Our **data.csv** with columns:

    "Age (integer between 18 and 65)",
    "Annual Income (integer between 15,000 and 120,000)",
    "Customer Satisfaction (integer between 1 and 10)",
    "Purchase Frequency (integer between 1 and 30)",
    "Customer Loyalty (integer between 1 and 10)"

In [None]:
import pandas as pd
import seaborn as sns
import matplotlib.pyplot as plt

# Download data
data = pd.read_csv('data.csv')
df = pd.DataFrame(data)
# Description
print(df.head())


## **Exercise 1:** Principal Component Analysis (PCA)
- Standardize the dataset before applying PCA using StandardScaler.
- Apply PCA to reduce dimensionality to 2 components.
- Output the explained variance ratio for each component.
- Visualize the data after dimensionality reduction.

In [None]:
from sklearn.decomposition import PCA
from sklearn.preprocessing import StandardScaler
import matplotlib.pyplot as plt
import seaborn as sns

# Standardize the data

# Apply PCA with 2 components

# Explained variance ratio

# print(f"Explained Variance Ratio: {explained_variance}")
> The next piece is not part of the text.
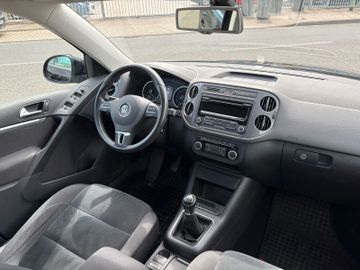 Volkswagen Tiguan - 7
# Create a DataFrame for visualization

# Visualize PCA results


## **Exercise 2:** Factor Analysis
- Apply Factor Analysis to identify 2 hidden factors.
- Analyze how the original features load onto these factors.
- Visualize the factor analysis results.

In [None]:
from sklearn.decomposition import FactorAnalysis

# Apply Factor Analysis with 2 factors

# Create a DataFrame for visualization

# Visualize factors

# Factor loadings


## **Exercise 3:** Singular Value Decomposition (SVD)
- Apply Singular Value Decomposition (SVD) to the dataset using numpy.
- Identify the three most significant singular values and analyze their contribution.
- Visualize the projections of data onto the first two singular vectors.

In [None]:
import numpy as np

# Apply SVD

# Print the three most significant singular values

# Create a DataFrame for visualizing projections onto the first two singular vectors

# Visualize SVD results


## **Exercise 4:** Comparing Methods
- Compare the results obtained using PCA, Factor Analysis, and SVD.
- Discuss which method works best for your dataset and why.
- Visualize the differences between PCA, Factor Analysis, and SVD.

In [None]:
# Visualize PCA, Factor Analysis, and SVD results side by side

# PCA scatter plot

# Factor Analysis scatter plot

# SVD scatter plot



## Consclusion:

We learned: 

- Applying PCA to reduce dimensionality and interpret components.
- Using Factor Analysis to identify hidden factors in the data.
- Applying SVD for data decomposition and analysis.
- Evaluating the impact of dimensionality reduction on data and model performance.

This lab focuses on understanding and applying dimensionality reduction techniques to uncover hidden structures in high-dimensional data while preserving critical information.